What is the "Easter Epic" you ask? Well, back in 1987, it was not called that, but as the legend grew, one of the most famous first round series' and the longest Game 7 in Stanley Cup history, acquired this name.
Incidentally, I was in my parents’ 1974 Oldsmobile Omega cruising the streets of Lethbridge.
Nice night for a drive…and an overtime marathon
When I dropped Vining off, I joked: “I wonder if the game is still on.” It was about 12:30 a.m.
|The New York Islanders celebrate Pat LaFontaine's goal in the fourth overtime period of Game 7 of the 1987|
Patrick Division Semi-final. It remains the longest Game 7 in Stanley Cup playoff history.
It had turned out to be an epic battle. Washington came out flying, but could not beat Islander goaltender Kelly Hrudey. Finally, with 48 seconds left in the opening period, Mike Gartner scored for the Capitals, with assists from Greg Adams and Scott Stevens, to give them a 1-0 lead after 20 minutes.

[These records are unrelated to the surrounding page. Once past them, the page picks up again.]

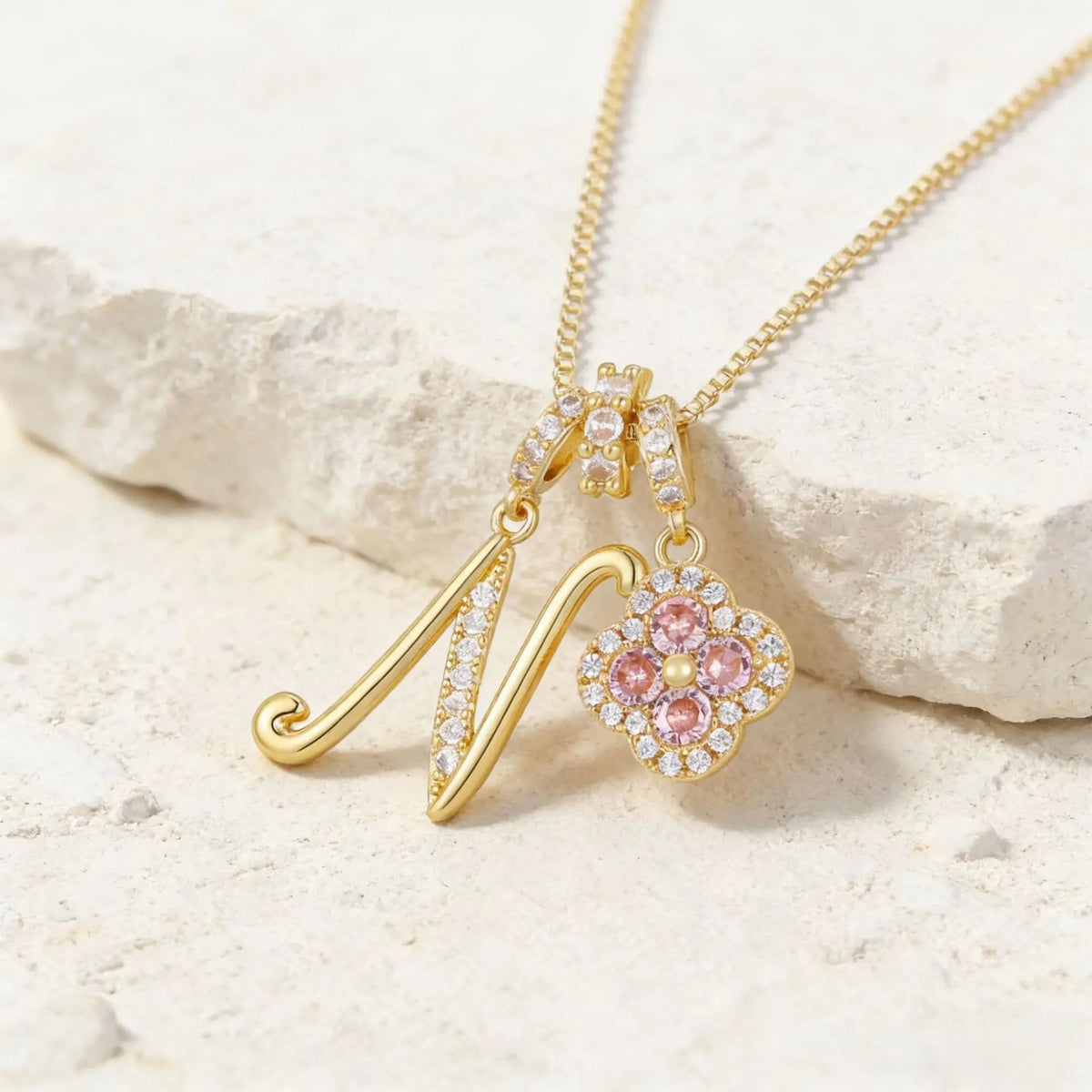 Crystal Initial & Flower Necklace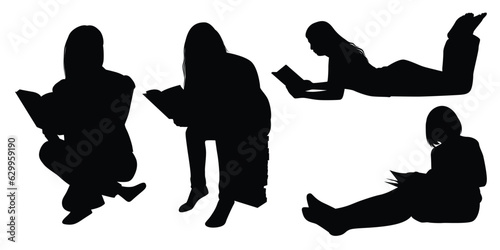 Reading Book Woman Silhouettes Vector illustration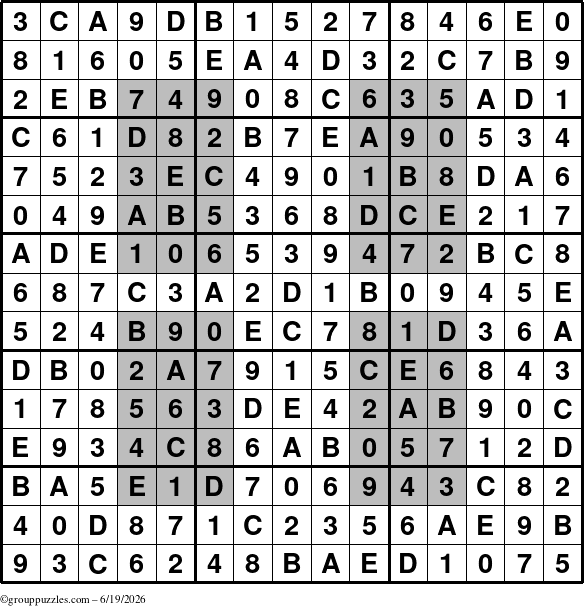 The grouppuzzles.com Answer grid for the HyperSudoku-15 puzzle for Friday June 19, 2026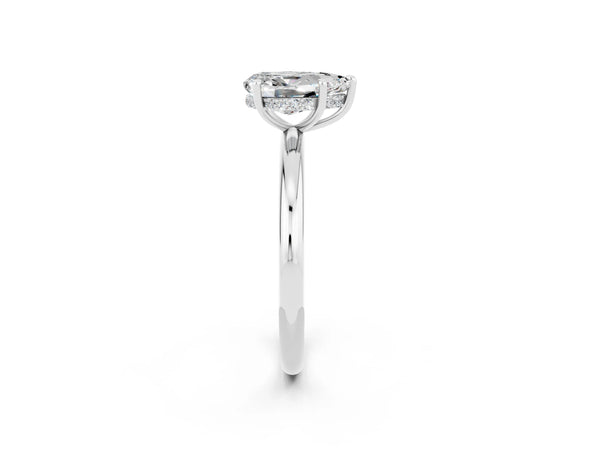 White gold Pear Cut Moissanite Solitaire Ring with Thin Band and Four-Prong Setting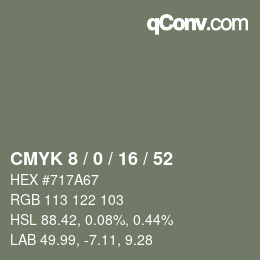 Color code: CMYK 8 / 0 / 16 / 52 | qconv.com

Pat Flatley tied it for New York with 8:25 to go in the second period, but Washington responded. With 1:15 left in the period, Grant Martin put the Capitals ahead with help from Adams and Larry Murphy.
That 2-1 score held up until Bryan Trottier tied the game 2-2 with with just over five minutes remaining in the third.
There was no more scoring in regulation time, or the first, second, or third overtime periods. Finally, with eight minutes gone in the fourth overtime period, New York's Pat LaFontaine took a turnaround snap shot from near the top of the face-off circle. It looked harmless, but beat goaltender Bob Mason to end the game after 68 minutes and 47 seconds of overtime. The assists went to Ken Leiter and Gord Dineen.
Everyone was exhausted, but they had cemented their place in history. Hrudey stopped a record 73 shots, including 50 straight after Martin's goal had made it 2-1 for Washington.
Washington had finished second and New York third in the Patrick Division that year, setting up a semi-final series that was the fifth straight year the two teams met in the playoffs. The year before, the Capitals eliminated the Islanders the earliest time in their history, although New York had won the other three series.
Washington jumped out to a 3-1 series lead, before the Islanders won two straight to set up the decisive Game 7. Their victory was just the second time in 12 years a team had come back from that kind of deficit.
There was no rest for the wicked as the Islanders had to re-group to face the well-rested Philadelphia Flyers. Again, the Islanders fell behind in the series 3-1, and again they battled back to force a decisive Game 7. The clock struck midnight for this Cinderella, as the Flyers won 5-1 to take the series. They would go on to the Stanley Cup final, losing in seven games to the Edmonton Oilers.